Re: data cleansing: externally or internally?
From: Cliff <clifford1.buetikofer_at_yahoo.com>
Date: Sun, 6 Nov 2011 07:27:02 -0500
Message-ID: <2011110607270228239-clifford1buetikofer_at_yahoocom>
Date: Sun, 6 Nov 2011 07:27:02 -0500
Message-ID: <2011110607270228239-clifford1buetikofer_at_yahoocom>
My 2 cents and IMHO:
Database
CON
- additional storage space
- increased backup time as you'd basically be making multiple copes of your data as you transform it
-version control - Do not do this in the database as it's easier to
keep track of your transformations via file names than via multiple
tables in the database.
PRO
- If you're transforming current production data being used every day, you know you have the current dataset all of the time.

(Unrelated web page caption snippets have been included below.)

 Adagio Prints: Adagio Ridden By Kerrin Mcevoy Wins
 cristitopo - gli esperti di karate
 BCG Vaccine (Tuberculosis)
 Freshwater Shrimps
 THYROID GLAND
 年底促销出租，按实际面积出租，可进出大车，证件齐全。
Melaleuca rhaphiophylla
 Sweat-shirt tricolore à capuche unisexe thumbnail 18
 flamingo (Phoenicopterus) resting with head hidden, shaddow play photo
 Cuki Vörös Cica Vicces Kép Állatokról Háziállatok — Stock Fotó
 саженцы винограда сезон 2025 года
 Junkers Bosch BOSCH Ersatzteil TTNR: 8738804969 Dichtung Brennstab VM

However, I would write some pre-code to verify my assumptions prior to each run.
External file
CON
- transforming external to the database can be more complex if you have multiple decision points in your transformation rules.

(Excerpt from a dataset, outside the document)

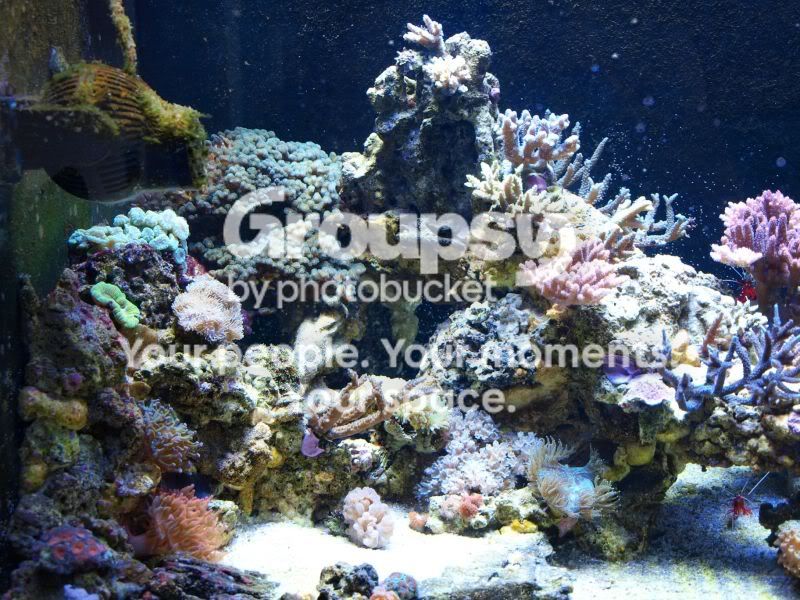 [TodoMarino.com] El nuevo gran ell acuario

- Some editing tools choke on huge file sizes
PRO
- easier to export out of the database and perform multiple small transformations with your favorite tool ( sed and awk are mine) and easier to debug.

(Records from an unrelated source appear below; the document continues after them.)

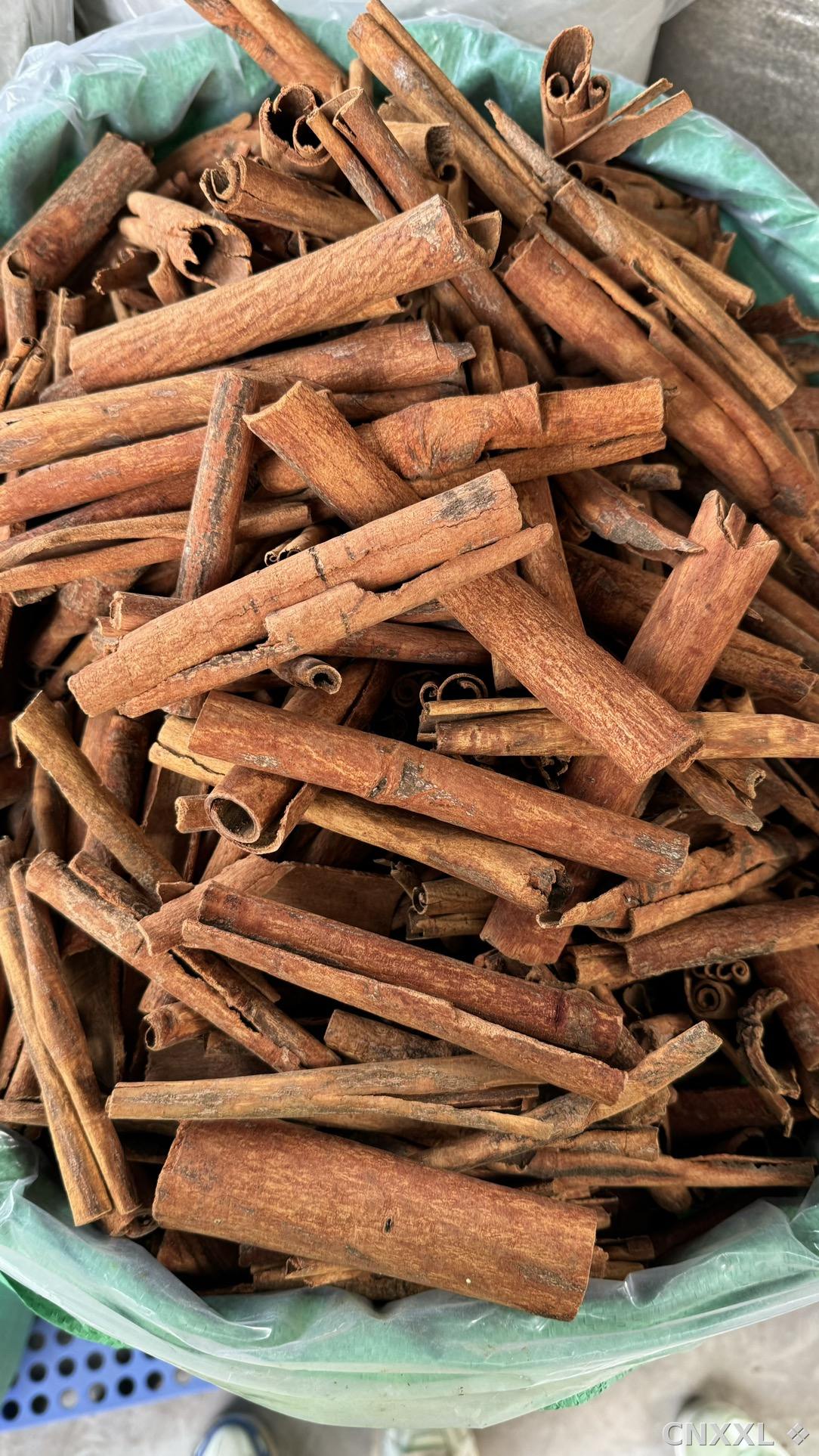 spice_10149_03cb8268_3.jpg
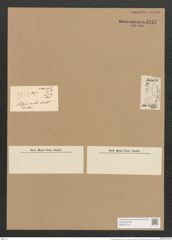 Nitzschia ovalis Arnott. (de-Toni-Nr.: Genus 47, Species 2119) Zeichnungen Sammlung Grunow Nr. 4247 (NHMW-BOT-W0372218)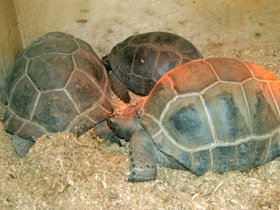 Смотреть фото Сейшельская черепаха Фото Сейшельская черепаха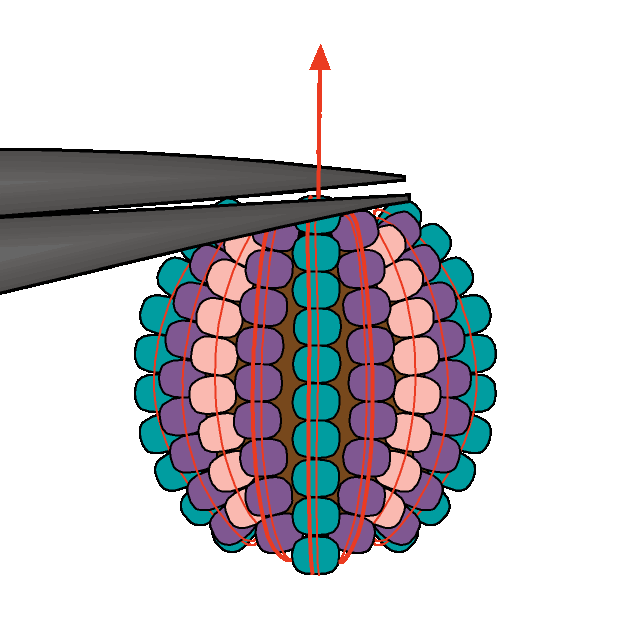 Beading Around a Bead Beading Techniques Fusion Beads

- the additional file space used by the transformation iterations are easier to recover from file manipulation than by shrinking a tablespace or creating a hughe tablespace specifically for this task.
- Depending on whether this is a one-off or a monthly clean-up script, consider having your script run in 2 modes, Proposed changes and changes that were made; that way you can get business sigh-off on what your script is actually doing.